====== DATASET SECTION
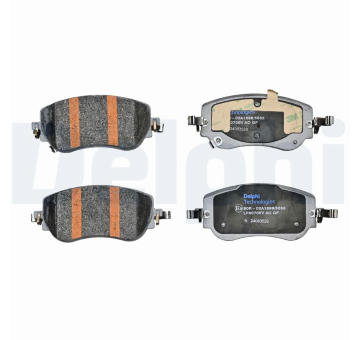 Sada brzdových destiček, kotoučová brzda DELPHI LP5070EV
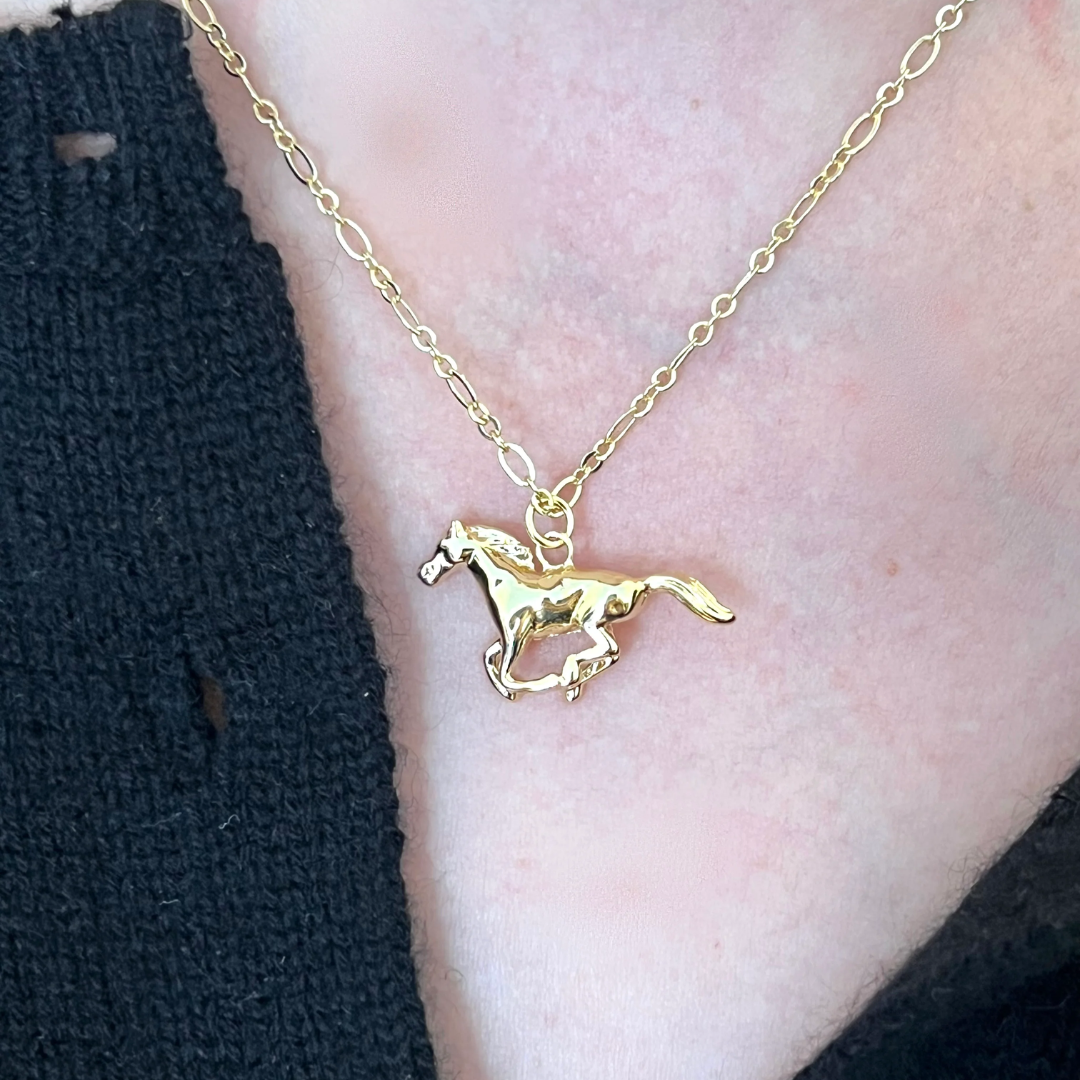 Horse Charm Pendant Necklace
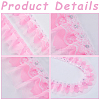 10M Polyester Flower Lace Ribbon with Paillettes OCOR-GF0003-34B-6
============
_EXERCISE AIM_. Without copying any picture, write out all of the material exactly as it reads.

_SOLUTION TO THIS PROBLEM_.
 Sada brzdových destiček, kotoučová brzda DELPHI LP5070EV
 Horse Charm Pendant Necklace
 10M Polyester Flower Lace Ribbon with Paillettes OCOR-GF0003-34B-6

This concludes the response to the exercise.